これは以前、巨匠の木工作家の先生から聞いた話ですが、ある日椅子を作る為に木工機械をセットをしていてその調整に苦心していたそうです。ちょうどその時、旧知の老家具職人が遊びに来たのですが、苦心している様子を見て「なにを辛気臭い事をやっとるんや、ちょと貸してみぃや!」と言って手鋸でゴリゴリ切りだしたそうです。「あっー!」という間も無くその部材を加工し終わって組み立ててみると、何と何と見事にピッタリ組み上がったということです。巨匠の先生がぶったまげていると、その御歳八十ん歳の老家具職人が言うますに、「俺は六歳からこれをやっとる。君らみたいな学校を出たもんには無理や。」、と言われたそうです。私なんかは、例え六歳から始めてもこんなこと出来そうにありません。そういえば私が弟子をしていた家具屋の先代の親方は箪笥を一日七本作っていたということでした。昔の人は信じられない事をやってのけていたということでしょうか。こういう話を聞くと人間の手には神が宿っているのかと思ってしまいますね。現代の製造現場は木工だけでなくあらゆる業種で便利になっていますが、その分、本当の人間の能力を発揮出来ない様な場になっているのかもしれません。
大槻先生へ
返信削除6歳から鋸を使うというのもすごいですが、箪笥を一日七本作っていたとは本当にすごいです。まさに神業ですね。

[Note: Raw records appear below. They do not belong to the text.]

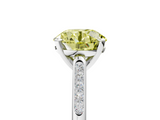 White gold Fancy Yellow Round  Cut Channel Set Solitaire Engagement Ring with Four-Prong Setting_5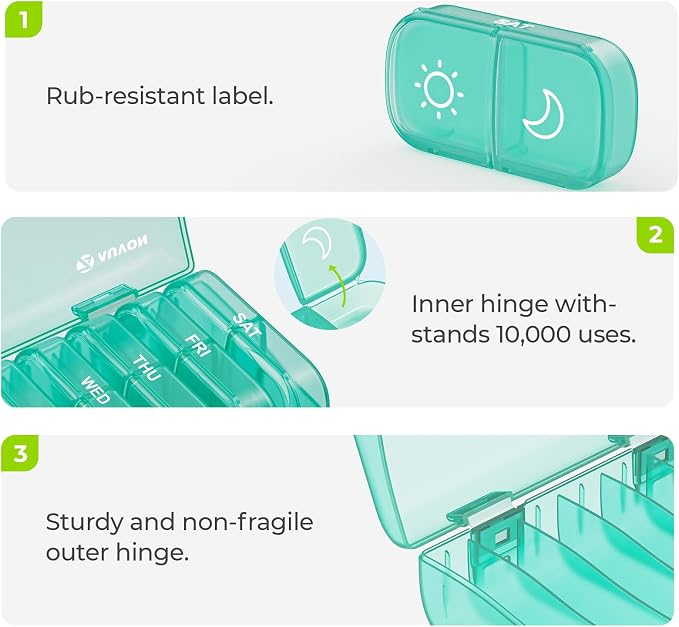 AUVON XL Weekly Pill Organizer 2 Times a Day, Pill Box 7 Day - Image 3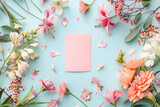 Stylish elegant flat lay pastel colors floristic greeting invitation post card, copy space mockup.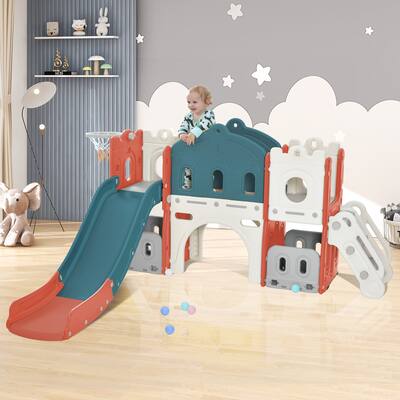 Kids Slide Playset Structure with Slide and Basketball Hoop, Toy Storage Organizer for Toddlers, Kids Climbers Playhouse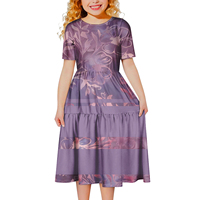 Vêtements pour enfants personnalisés, jupes maxi à col rond d'été samoanes, vêtements pour enfants surdimensionnés polynésiens, robes à étages douces pour filles hawaïennes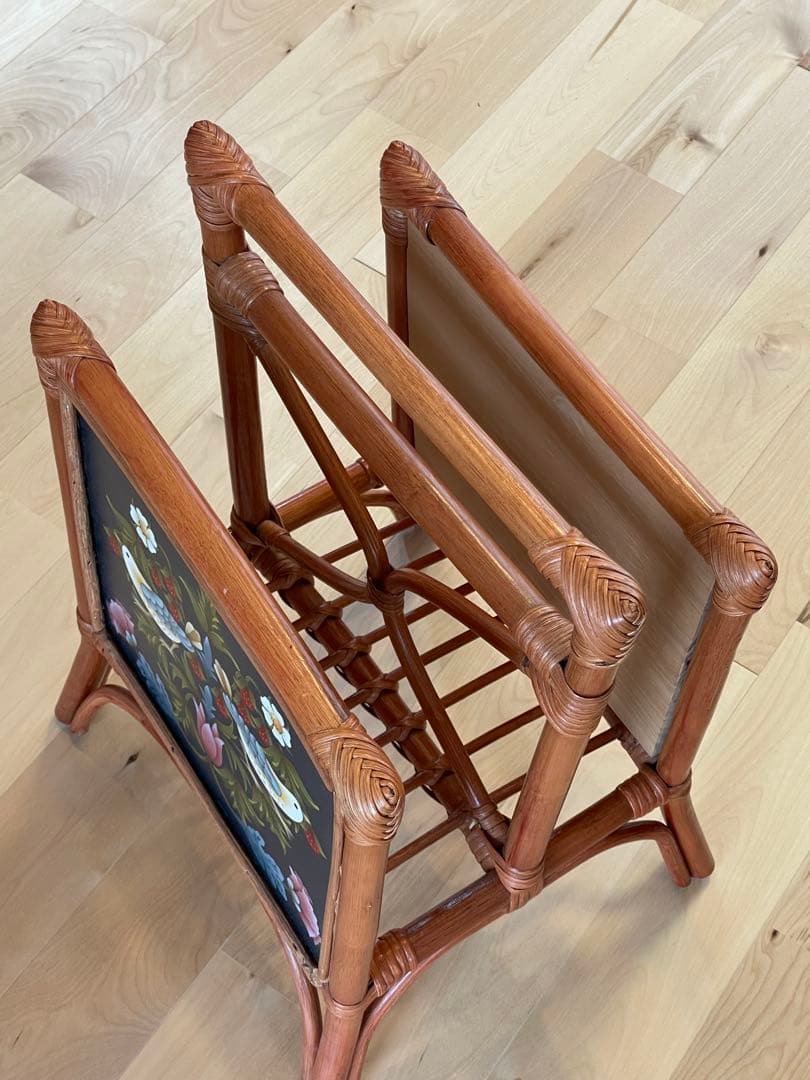 トールペイント（花と鳥）ラタン製マガジンラック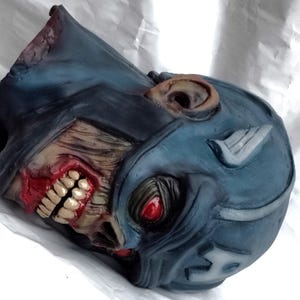 Handmade Zombie Captain America Latex Mask, Avengers Cosplay image 6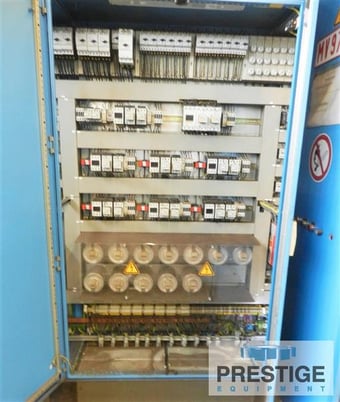 102" x 236" Wheelabrator #RB2600, 102" x 236" plates, (6) 25 HP wheel heads,vert/horiz roller conveyor,dust - Image 9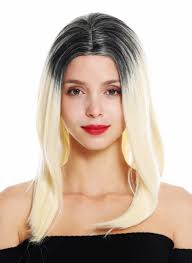 Ombre blond zu günstigen preisen. Perucke Lang Glatt Mittelscheitel Ombre Schwarz Blond Gfw2468 613 1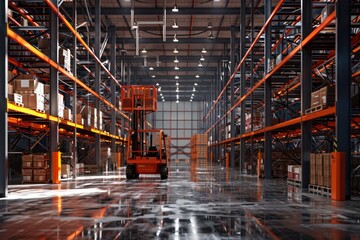 Forklift driver preparing products for shipmennt, delivery, checking stock in warehouse. Neural network ai generated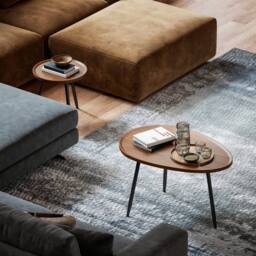 Wyld Haus Suta Set of 2 Nesting Coffee Tables Chestnut Wood Effect Black Metal in Brown - thumbnail 7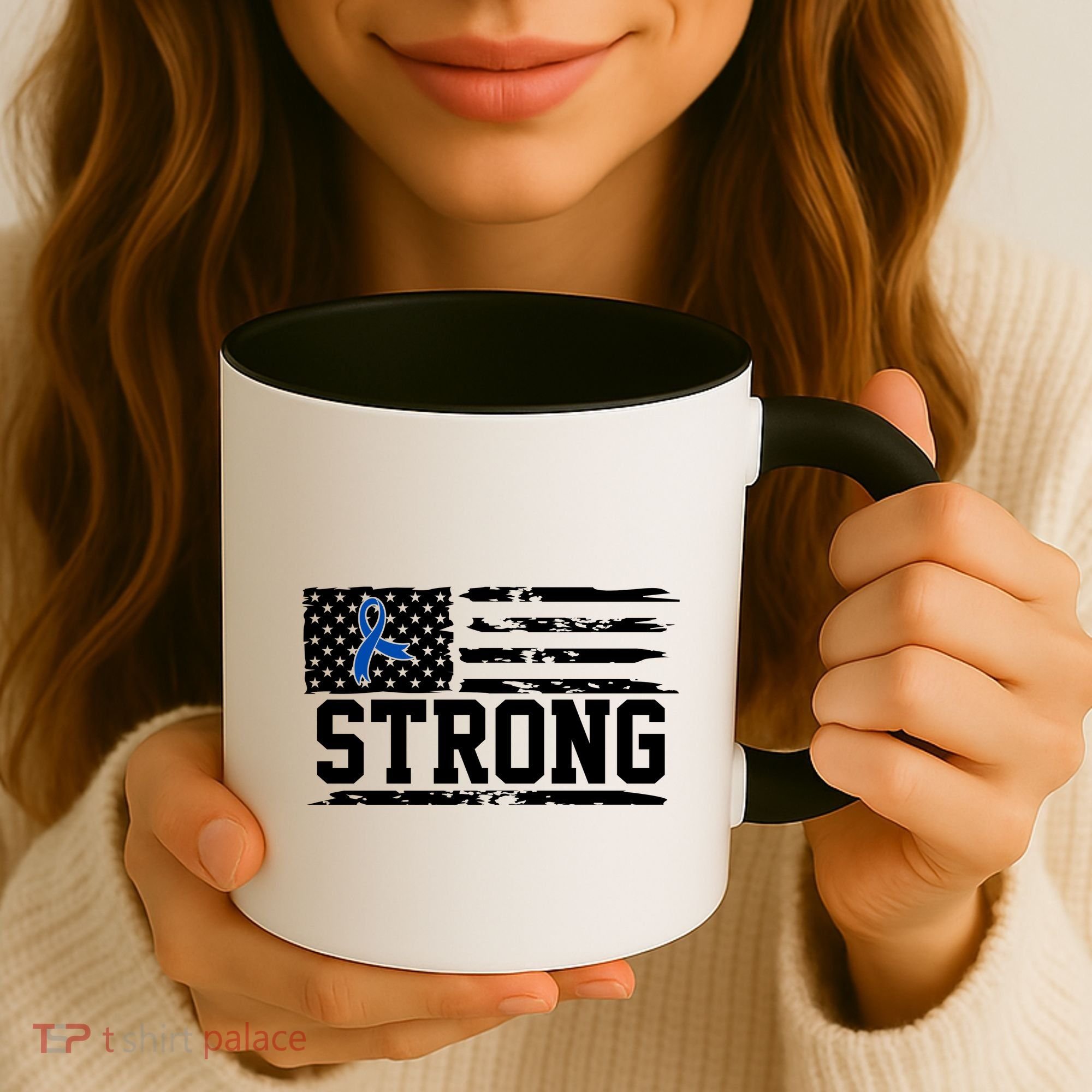 Strong Colon Cancer Awareness Flag Coffee Mug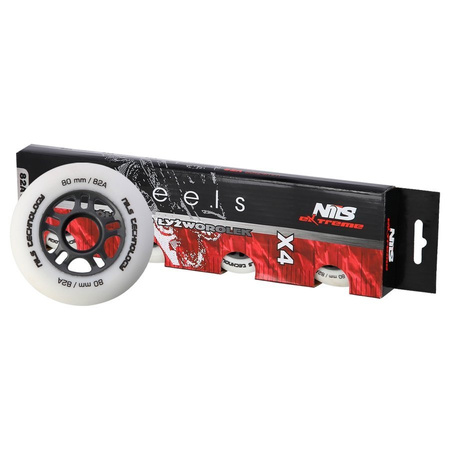 Kółka Do Łyżworolek Kauczukowe Zestaw 4 szt. Białe Matowe 80 mm NILS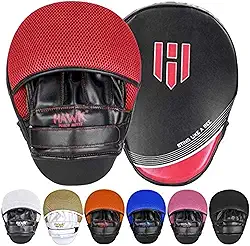 Hawk Sports Luvas de perfuração para homens, mulheres e crianças, luvas de foco de couro para artes marciais e treinamento de boxe, luvas curvadas para karatê, kickboxing, Krav MAGA, Muay Thai e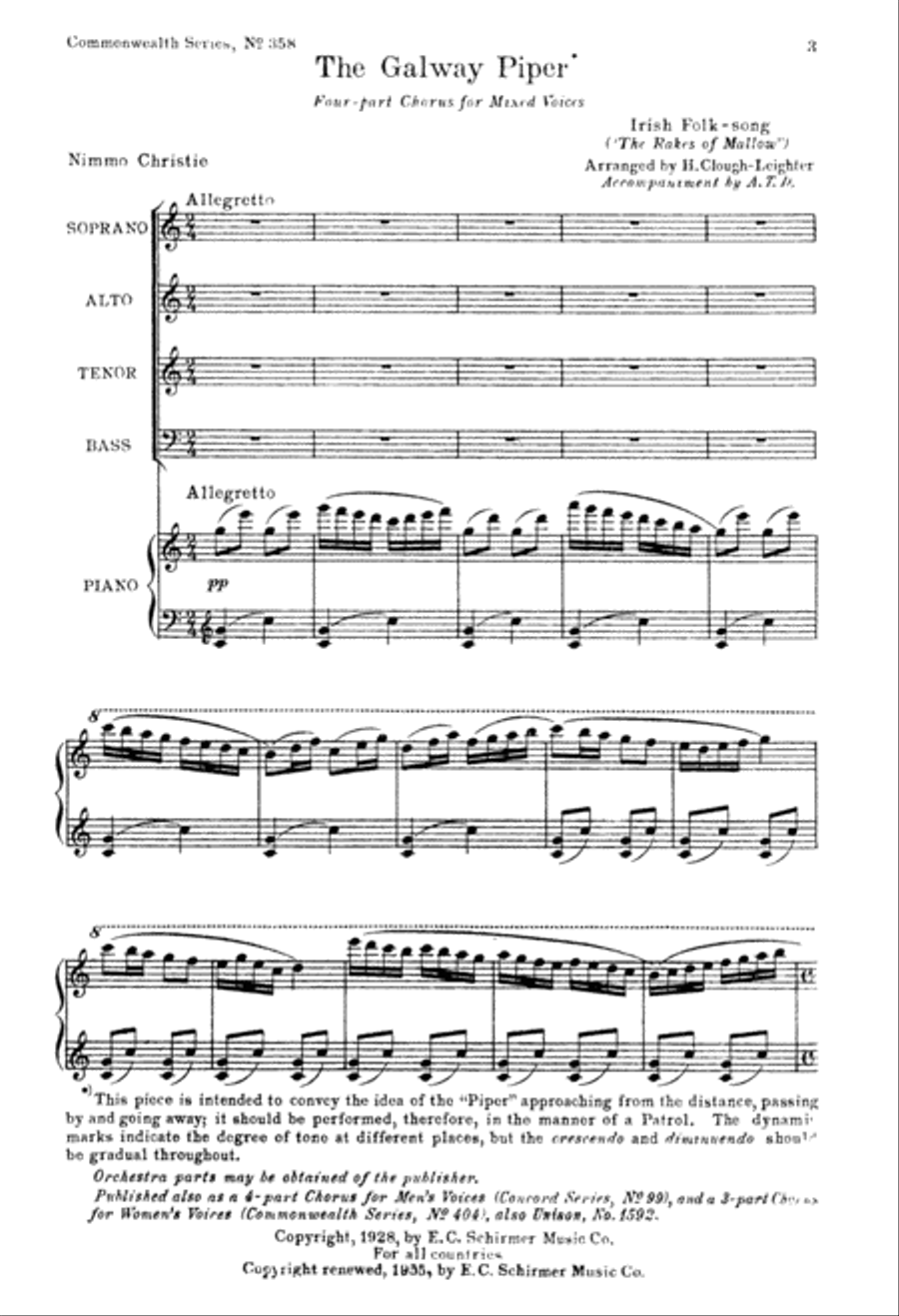 The Galway Piper 4-Part scores gallery preview page 2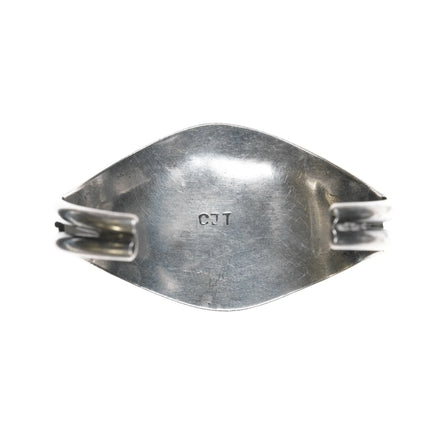 6.5"CJT 1970's Native American silver, turquoise, coral cuff bracelet - Estate Fresh Austin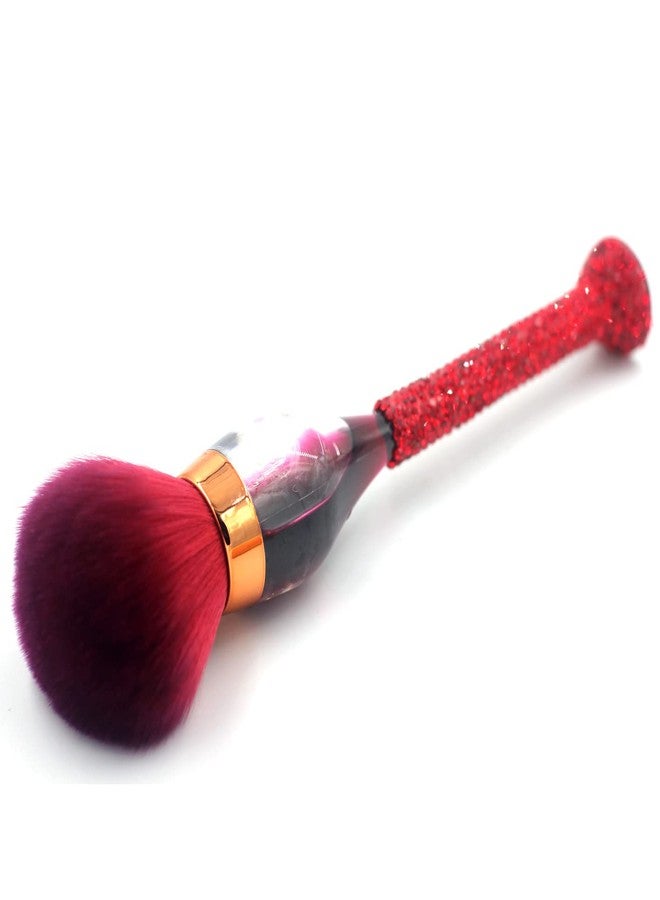Bestbling Bling Bling Rhinestones Wine Glass Shaped Foundation Makeup Brush with Soft Fiber Bristles and Long Handle for Makeup Application (Red) - Image 5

今週、TVで見たのです日光街道の春日部桐たんすの作成模様が写されました。鉋を使って0.何mm単位で正確に仕上げていくまさに神業でした。
私にとって、カンナがさくさくと切れるだけで感激します。
私にとってカンナは不思議な工具です。
さて、神業の話に逆行するようで申し訳ないですが、今週トリマーを使って、スツールの丸い座板を丸く縁どりする作業をやってみました。ボーズというビットを使用しました。たまにストレートビットを使って大きな音に悩まされていましたが、ボーズビットは意外と抵抗が少なくスイスイ静かに削れるのです。便利な工具やなと初めて思いました。また機会を見て、他のビットも試してみたいです。
明日はまた教室でがんばります。